Erzincan’da siyanür sızıntısından dolayı Anagold Madencilik şirketine ait altın madeninin kapatılması için dava açan bölge halkından Sedat Cezayirlioğlu, davanın bilirkişileri hakkında, “gerçeğe aykırı rapor hazırladıkları” gerekçesiyle Cumhuriyet Başsavcılığı’na suç duyurusunda bulundu
Erzincan’ın İliç ilçesindeki Çöpler Köyü’nde Anagold Madencilik şirketi tarafından kurulan altın madeni sahasında yaşanan siyanür sızıntısına karşı yaşam savunucularının hukuk mücadelesi sürüyor.

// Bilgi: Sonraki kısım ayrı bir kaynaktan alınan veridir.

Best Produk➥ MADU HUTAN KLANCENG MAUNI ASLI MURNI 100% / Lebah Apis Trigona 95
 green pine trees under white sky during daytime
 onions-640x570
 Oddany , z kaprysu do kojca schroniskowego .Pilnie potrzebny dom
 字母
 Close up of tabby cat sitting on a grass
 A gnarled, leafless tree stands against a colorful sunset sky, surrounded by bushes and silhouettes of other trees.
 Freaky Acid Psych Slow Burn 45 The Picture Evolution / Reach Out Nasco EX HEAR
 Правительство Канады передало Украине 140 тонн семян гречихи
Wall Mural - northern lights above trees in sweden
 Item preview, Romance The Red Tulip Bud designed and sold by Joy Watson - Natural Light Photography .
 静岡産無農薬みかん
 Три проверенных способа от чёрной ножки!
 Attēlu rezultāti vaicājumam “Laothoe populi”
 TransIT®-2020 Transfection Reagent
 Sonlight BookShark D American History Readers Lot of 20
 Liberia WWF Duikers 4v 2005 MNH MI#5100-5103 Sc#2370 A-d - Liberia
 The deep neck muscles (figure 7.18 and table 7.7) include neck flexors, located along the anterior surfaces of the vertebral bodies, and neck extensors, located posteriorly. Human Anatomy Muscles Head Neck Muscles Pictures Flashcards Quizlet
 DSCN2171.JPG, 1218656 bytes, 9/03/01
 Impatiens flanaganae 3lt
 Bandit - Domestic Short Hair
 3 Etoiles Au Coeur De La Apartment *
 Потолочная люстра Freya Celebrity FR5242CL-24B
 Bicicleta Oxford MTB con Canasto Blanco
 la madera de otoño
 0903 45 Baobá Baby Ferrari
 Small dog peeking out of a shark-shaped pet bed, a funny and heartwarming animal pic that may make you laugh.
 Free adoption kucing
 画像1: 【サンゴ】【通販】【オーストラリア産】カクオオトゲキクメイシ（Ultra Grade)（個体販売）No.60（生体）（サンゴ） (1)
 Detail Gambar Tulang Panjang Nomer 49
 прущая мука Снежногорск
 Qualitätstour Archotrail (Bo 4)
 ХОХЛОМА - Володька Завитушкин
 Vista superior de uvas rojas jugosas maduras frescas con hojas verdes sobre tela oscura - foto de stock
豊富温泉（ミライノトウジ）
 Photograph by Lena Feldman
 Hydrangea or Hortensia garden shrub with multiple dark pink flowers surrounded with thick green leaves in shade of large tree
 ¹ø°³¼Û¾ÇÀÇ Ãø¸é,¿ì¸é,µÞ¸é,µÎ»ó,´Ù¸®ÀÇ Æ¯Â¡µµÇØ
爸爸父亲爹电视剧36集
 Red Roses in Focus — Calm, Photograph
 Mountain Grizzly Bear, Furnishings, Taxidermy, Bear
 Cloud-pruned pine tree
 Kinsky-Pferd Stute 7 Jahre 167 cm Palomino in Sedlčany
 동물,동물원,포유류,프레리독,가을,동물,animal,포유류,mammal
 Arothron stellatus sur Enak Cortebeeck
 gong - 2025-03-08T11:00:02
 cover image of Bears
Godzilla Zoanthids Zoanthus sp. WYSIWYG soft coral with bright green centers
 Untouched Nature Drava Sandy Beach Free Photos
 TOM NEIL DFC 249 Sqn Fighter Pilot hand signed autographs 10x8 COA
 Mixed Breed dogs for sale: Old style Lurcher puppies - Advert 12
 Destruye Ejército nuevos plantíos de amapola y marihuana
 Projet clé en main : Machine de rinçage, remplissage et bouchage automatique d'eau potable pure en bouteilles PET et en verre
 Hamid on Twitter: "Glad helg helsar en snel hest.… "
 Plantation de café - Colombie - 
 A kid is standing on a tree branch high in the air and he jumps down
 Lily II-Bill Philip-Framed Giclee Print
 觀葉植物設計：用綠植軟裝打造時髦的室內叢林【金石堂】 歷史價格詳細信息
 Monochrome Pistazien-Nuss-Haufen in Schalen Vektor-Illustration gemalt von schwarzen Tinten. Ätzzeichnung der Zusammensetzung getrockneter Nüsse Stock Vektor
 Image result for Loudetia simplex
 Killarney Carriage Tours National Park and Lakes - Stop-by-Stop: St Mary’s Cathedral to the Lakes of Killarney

Altın madeninin kapatılması için dava açan bölge halkından Sedat Cezayirlioğlu, 6 Temmuz’da ocağa gelerek inceleme yapan davanın bilirkişileri hakkında, “gerçeğe aykırı rapor hazırladıkları” gerekçesiyle Cumhuriyet Başsavcılığı’na suç duyurusunda bulundu.
Halk Tv’den Ferit Demir’in haberine göre Sedat Cezayirlioğlu’nun avukatı İsmail Hakkı Atal, mahkeme heyetinin belirlediği bilirkişilerin gerçekleri gizlediğini ve altın madenini aklama yoluna gittiklerini, gerçek olmayan bilgileri raporlarına yazdıklarını belirterek şunları söyledi:
Neden suç duyurusunda bulunduk? Çünkü ziraat bilirkişisi bizim defalarca ispat ettiğimiz siyanür sızıntısı sonrası siyanürün aktığı Sabırlı Deresi’nin canlı ve su akışının olduğu bir dere olduğunu defalarca ispat ettiğimiz ortadayken ziraat bilirkişisi akan dereyi kuru bir dere olarak gösterdi. Sahte bir bilirkişi raporu hazırlandı ve suç işledi. İkinci olarak yine aynı ziraat bilirkişisi ‘zeminde oluşması beklenen yüzey akışı izine rastlanmamıştır’ diyerek Anagold şirketini aklama gayretine girmiş. Hâlbuki Çevre, Şehircilik ve İklim Değişikliği Bakanlığı 8 Ağustos’ta Sedat Cezayirlioğlu’nun yazdığı bir yazıya verdiği cevapta, burada siyanür ile zehirlenmiş toprakların taşındığını belirtmişti. Dolayısıyla Bakanlık, siyanür ile zehirlenmiş toprakların o bölgede taşındığını belirtirken, ziraat bilirkişisi sanki burada hiçbir akış olmamış gibi gerçeğe aykırı bir bilirkişi raporu düzenliyor.
Atal, açıklamasının son bölümünde İliç’teki altın madeninde siyanürün fizik kuralları gereği Fırat Nehri’ne ve yeraltı sularına karıştığını belirterek şunları söyledi:
Şunu da beyan etmek istiyorum 2002 ile 2016 yılları arasında yayınlanan Sağlık Bakanlığı’nın verilerine göre Türkiye’de erkeklerde kanser vakaları 12 kat kadınlarda 7 kat artmış durumda. Şu an İliç’te Amerika ve Kanadalılara ait yabancı şirket, siyanürü Fırat Nehri’ne karıştırarak halkı zehirliyor. Birkaç sene sonra bu kanser vakaları erkelerde 12 kattan 32 kata, kadınlarda ise 7 kattan 27 kata fırlayacak.